A penhora do salário e a eficácia da execução

* Crônica publicada nos sites ESPAÇO VITAL, JUSBRASIL, AJURIS e PÁGINA DO MINISTÉRIO PÚBLICO DO RS

** O enfoque da necessidade de devolver efetividade às ações do Judiciário.

A decisão da 10ª Câmara Cível do TJRS, balizada pelo voto do relator, desembargador Luiz Ary Vessini de Lima, chancelando a penhora de percentual sobre salário (Espaço Vital de 06.06.2008) pode surgir como divisor de águas entre o Judiciário eficiente que queremos e o Judiciário arcaico que vivenciamos. Pode também representar uma aproximação da Justiça brasileira com o que se pratica na enorme maioria dos tribunais de países vizinhos.

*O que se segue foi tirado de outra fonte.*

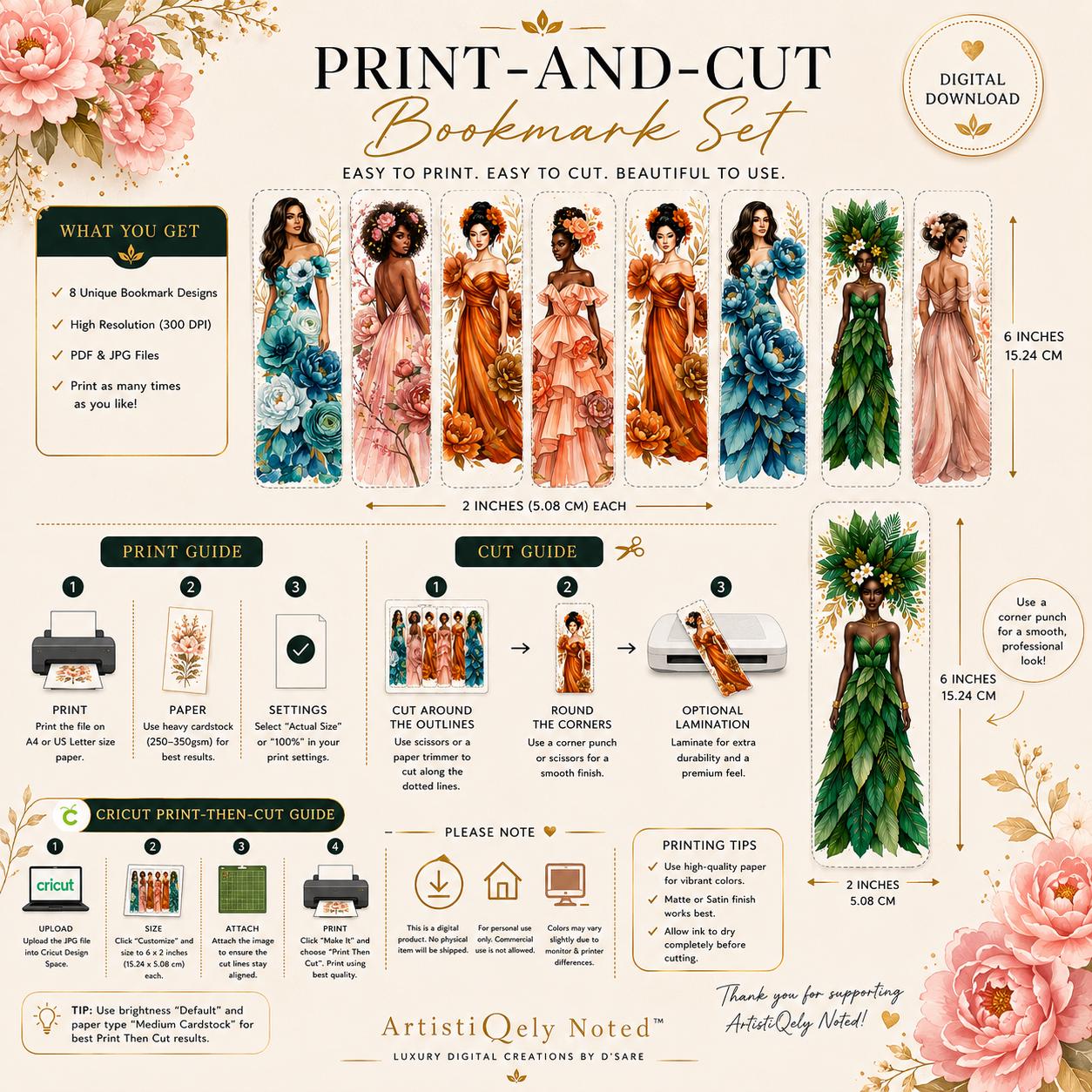 Floral Goddess Bookmark Set | Watercolour Woman Art (Digital Download)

É verdade que no ano de 2007 um magistrado da 12ª Vara Cível de Brasília (DF) já havia determinado a penhora sobre um percentual de salário; contudo, ao contrário da situação consolidada no tribunal gaúcho, lá as justificativas foram frágeis e o juiz fundamentou sua decisão mais em seu foro íntimo do que propriamente em argumentos jurídicos que pudessem se considerar sólidos.

Também é de se sublinhar que no processo legislativo tramitou projeto que permite a penhora de percentual de altos salários, assim definidos como aqueles que ultrapassem o patamar de 20 vezes o valor do salário mínimo - , mas é crível que nesta faixa não se insere a chamada grande massa consumidora.

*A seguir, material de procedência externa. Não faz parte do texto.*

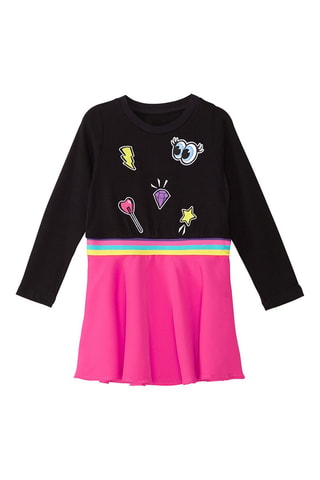 Vestido efecto doble prenda Emoji - Negro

O voto do magistrado Vessini de Lima destaca a necessidade de confirmação da penhora sobre percentual de salário quando reste claro que esse é o último recurso para evitar a frustração completa da realização do crédito. Em resumo, é a última esperança do credor de receber , não apenas aquilo que lhe é devido, como também e sobretudo o crédito que o Judiciário condenou o devedor a pagar.

A lucidez e a coragem do voto torna-se ainda mais robusta quando no julgado é consignada a necessidade de o Judiciário interpretar a norma legal de modo tridimensional, onde a lei entra em simbiose com o fato concreto e o valor social. Carlos Cossio diria que "é o direito consagrado na conduta posta em interação inter-subjetiva".

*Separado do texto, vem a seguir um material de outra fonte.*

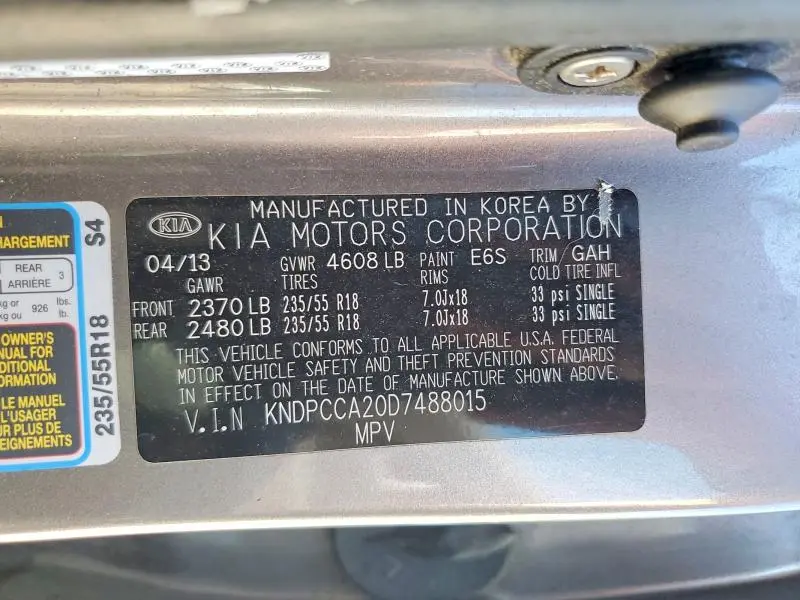 2013 KIA SPORTAGE EX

É a mão do Judiciário conferindo eficácia ao Direito, mesmo que para isso tenha de se relativizar a interpretação de determinadas normas em prol da harmonia do conjunto representado nessa trilogia: fato, norma e valor.

A Justiça gaúcha vem de encontro com o que se pratica nos países vizinhos, onde desde há muito tempo o Judiciário já penhorava percentuais de salários, como ocorre na Argentina, onde recentemente na Província de Buenos Aires dezenas de executivos de multinacionais tiveram seus salários constritos por dívidas fiscais.

No Uruguai não é diferente e nenhum devedor tem caminho aberto para o calote , pois um percentual alto do salário fica sujeito à penhora.

Há, enfim, indicativos claros de que está para acabar o faz-de-conta do processo de execução; e com certeza haverá uma sensível diminuição de processos e incidentes protelatórios. Cientes de que o Judiciário vai chegar no bolso, os devedores vão acertar o passo.